Rodents like mice and rats are the most likely of all pests to deliberately crawl into your house to seek warm for the winter. They feed on just about any type of food, especially if the container for the food is open, allowing its aroma to spread right into the rodents’ nostrils. Rodents have been reported to destroy enough food to feed 200 million people every year.

Some signs of rodents include:

  • Droppings (the most common)
  • Small gnaw marks in bags of food
  • Open wiring that looks like it was ripped or torn open

The biggest issue with rodents—aside from how much food they chew up—is the number of diseases they can bring into your home. They’ve been known to spread the plague, salmonellosis, tularemia, and about 30 other diseases, and they spread it through their saliva and droppings.


Just as rodents do, ants seek warmth as the weather starts to get cooler. A Stanford study discovered that ants were more likely to enter your home the colder and wetter it got outside, noting that the type of weather outside directly related to how many ants you had in your home. Conversely, the study also found that the amount of pesticide you used outside did not result in ants pushing closer to your home. Therefore, if you notice ants in your home after treating your landscape, it’s most likely due to the weather and not your attempted preventative measures.

Researchers at Texas A&M actually suggest the fall as a perfect time to set up traps for ants, particularly fire ants, and especially if they’re near or around your home.


Pests that sting—bees and wasps, in particular—can become a problem in the fall, which is when they feed and store up food for the cold winter.

Most species of bees use the fall as a last-minute effort to store up enough honey in their hives. “As the days shorten, the bees know it’s time to go into this food-gathering mode,” said Debbie Delaney, a researcher at the University of Delaware. Bees aren’t trying to sting you or ruin your outdoor fun.” As for wasps, the fall is also prime feeding time because fallen fruit and nectar is in abundance, so they are particularly active.

This can cause both bees and wasps to accidentally slip into your home. They aren’t out to hurt you, though, and they are important to the ecosystem. If you do encounter either of these, call a professional who can make sure swarms of bees and wasps are removed carefully.
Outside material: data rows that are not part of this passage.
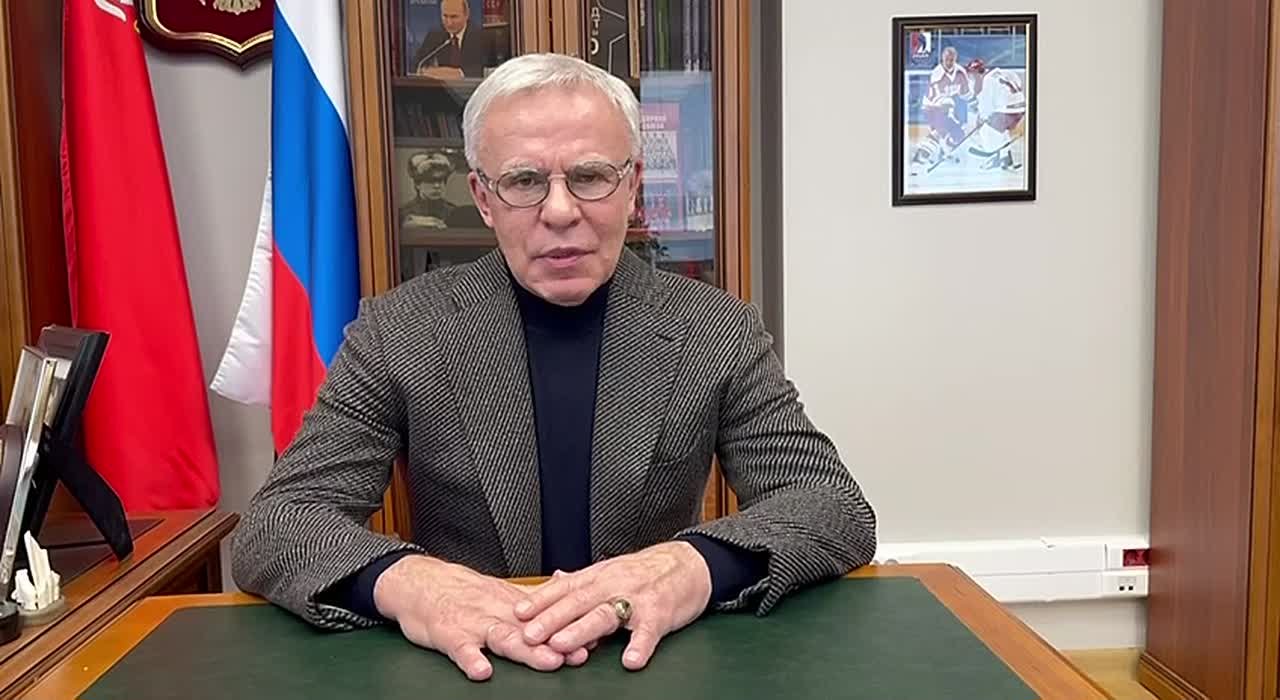 Вячеслав Фетисов поприветствовал участников лыжной гонки памяти Подольских курсантов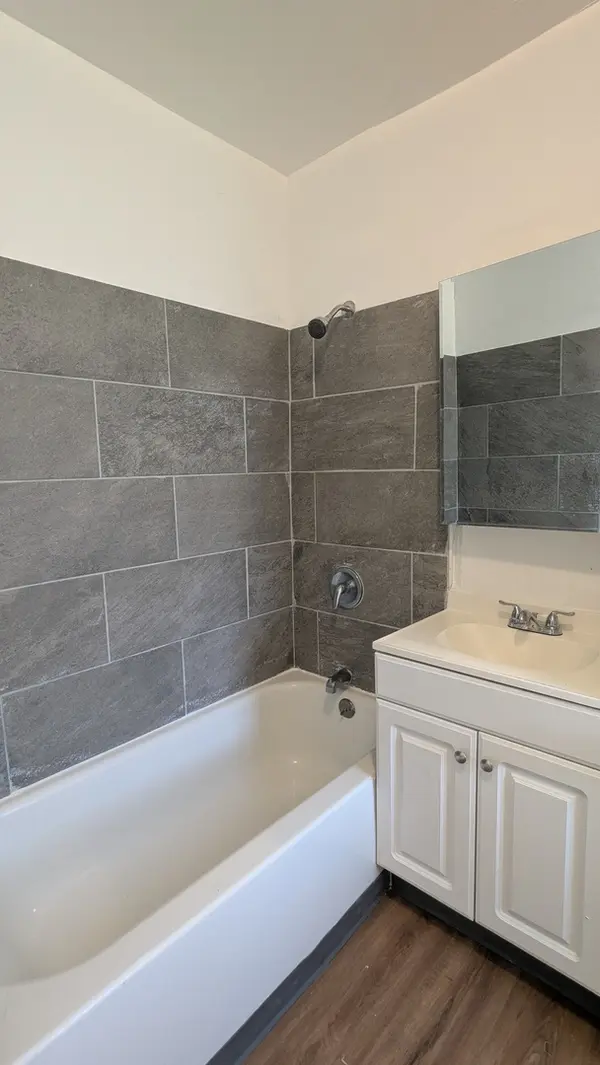 4445 W Carroll AVE, Chicago, IL 60624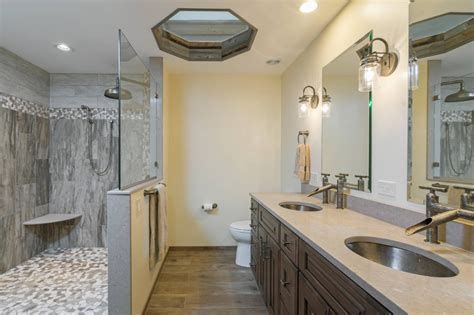 Rustic Industrial Bath - Wycombe, PA - Farmhouse - Bathroom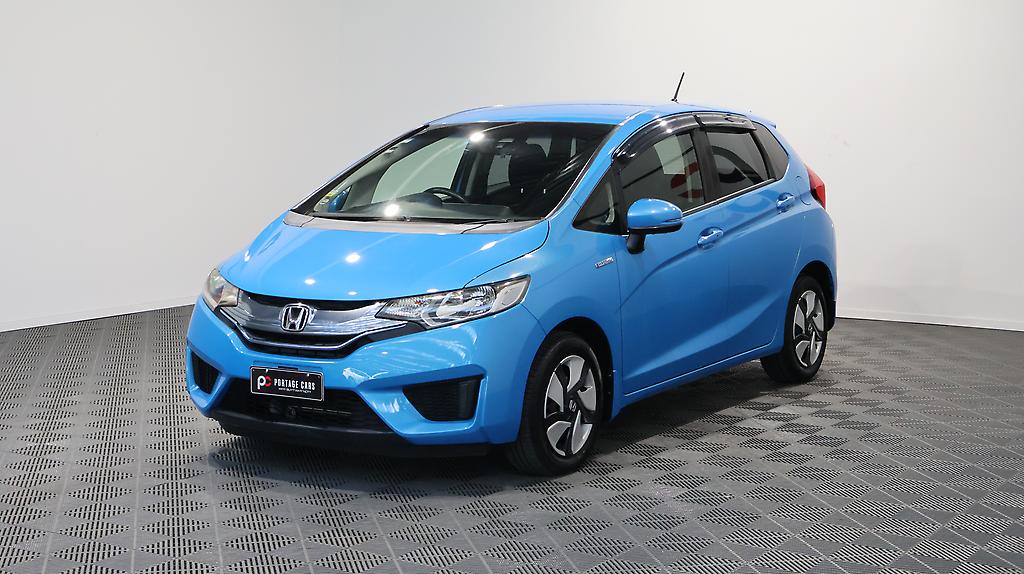 2013 Honda Fit Hybrid F-Package image 359700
There are some general preventative steps you can take to make your home as least susceptible as possible to pests looking to enter and thrive in your home.

  • Clear up outside: As mentioned before, many of these pests hide in piles of leaves and bushes during the winter to try to stay warm. Make sure to consistently rake leaves and make sure too much shrubbery doesn’t pile up on your lawn, especially the closer you get to your home.
  • Clean inside your home: When inside your house, pests thrive off leftover food and water. Scrub counters and wipe them down to make sure no crumbs or standing water are leftover for cockroaches and rodents to feed off while you’re sleeping. Also make sure that trash cans are tightly sealed and aren’t left sitting around if full. Just as pests seek warmth in piles of debris outside, they do the same indoors, so clean up accumulations of clothes and laundry.
  • Check for holes and clearings from outside of your home: Pests need to get into your home somehow. Clearings at the base of your home give way for pests to enter through the basement and pipings underground. Also, holes near gutters give pests an entryway into your walls, where they’ll live all season long if you’re not careful.

You should watch out for what you decorate your home with in the fall, too. It’s tempting to place pumpkins, aromatic wood chips, and scarecrows in and around your home, but piles of straw, wood, and rotting food are all attractive to pests. Make sure to solve your initial pest problem before deciding to decorate your home with fall decor.

If you still see a pest presence after tidying up your home to the best of your ability, contact a professional for help.